**Exercise requirements**
Can you print the data exactly and leave out each image?

**Data provided**
========

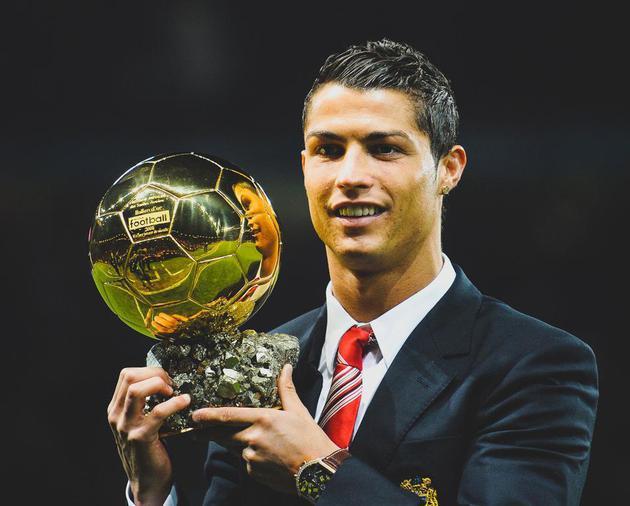 加斯佩里尼：韦斯利今天还无法参训，他的流感症状比较严重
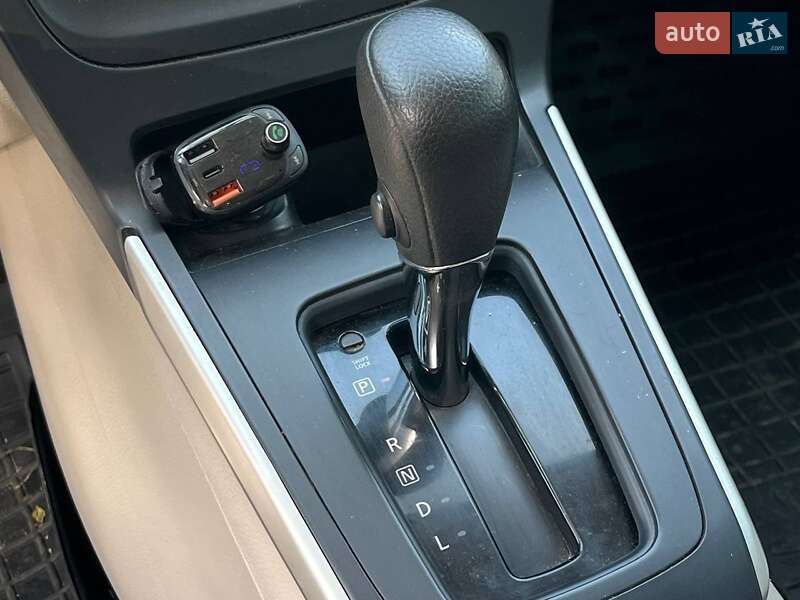 Седан Nissan Sentra 2016 в Львове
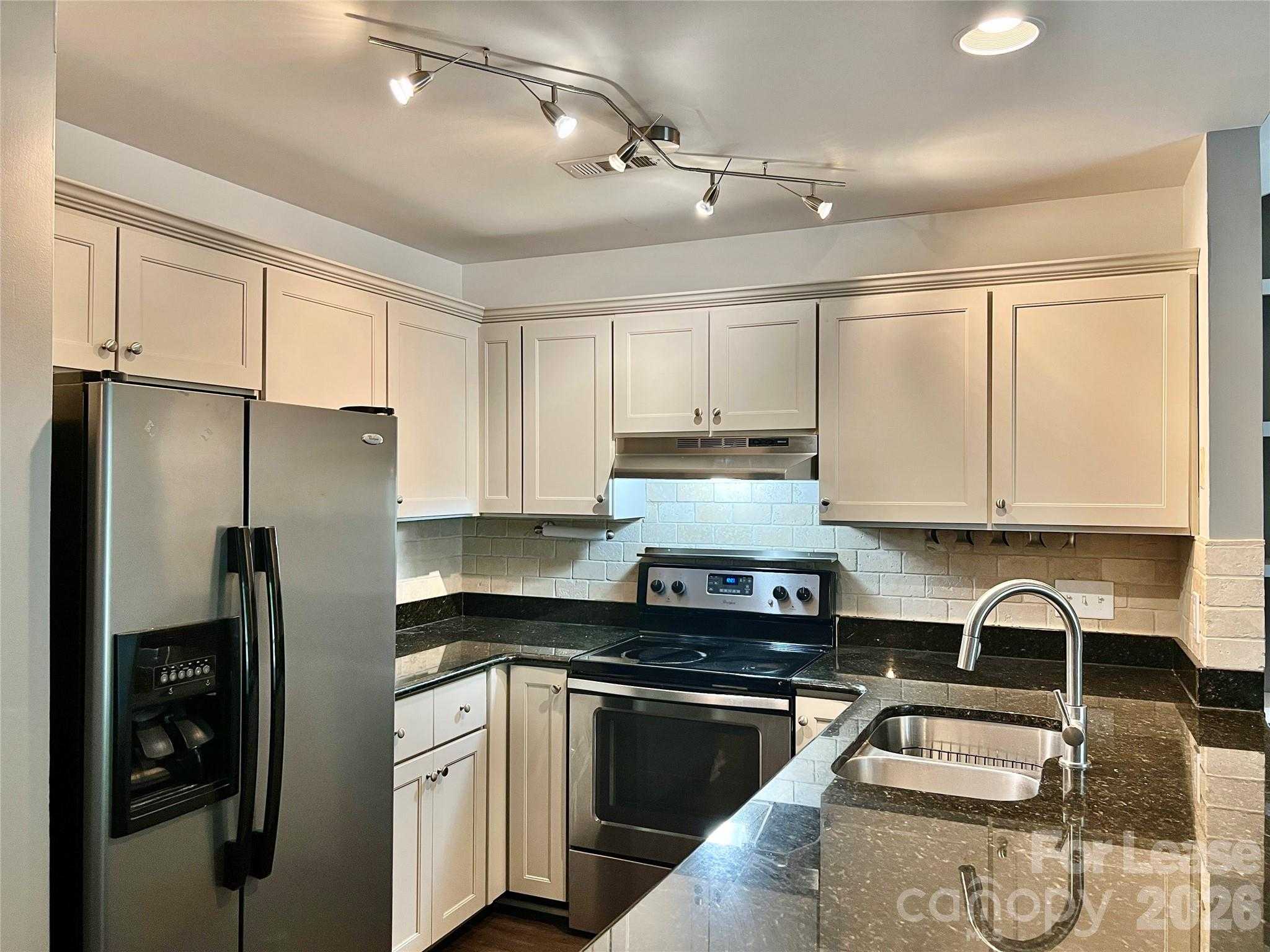 3306 Selwyn Farms Lane APT 7 Charlotte North Carolina United States, for Rent, residential, Kristen Haynes, New Home Buyers Brokers / Realty Pros
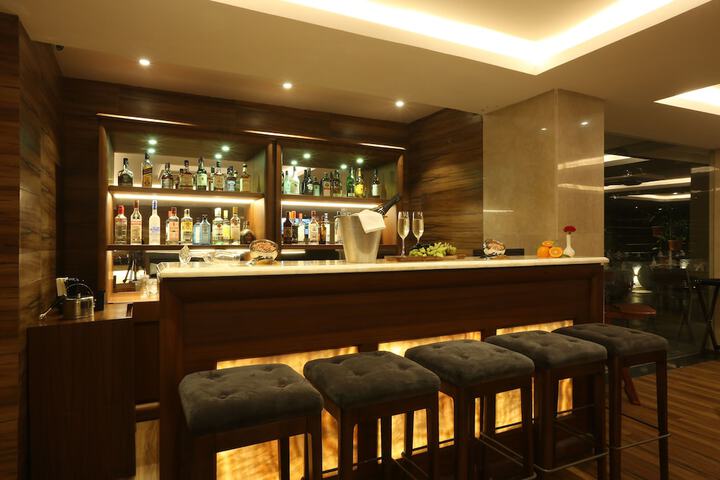 Lounge 37 of 52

========

**Answer box**
 加斯佩里尼：韦斯利今天还无法参训，他的流感症状比较严重
 Седан Nissan Sentra 2016 в Львове
 3306 Selwyn Farms Lane APT 7 Charlotte North Carolina United States, for Rent, residential, Kristen Haynes, New Home Buyers Brokers / Realty Pros
 Lounge 37 of 52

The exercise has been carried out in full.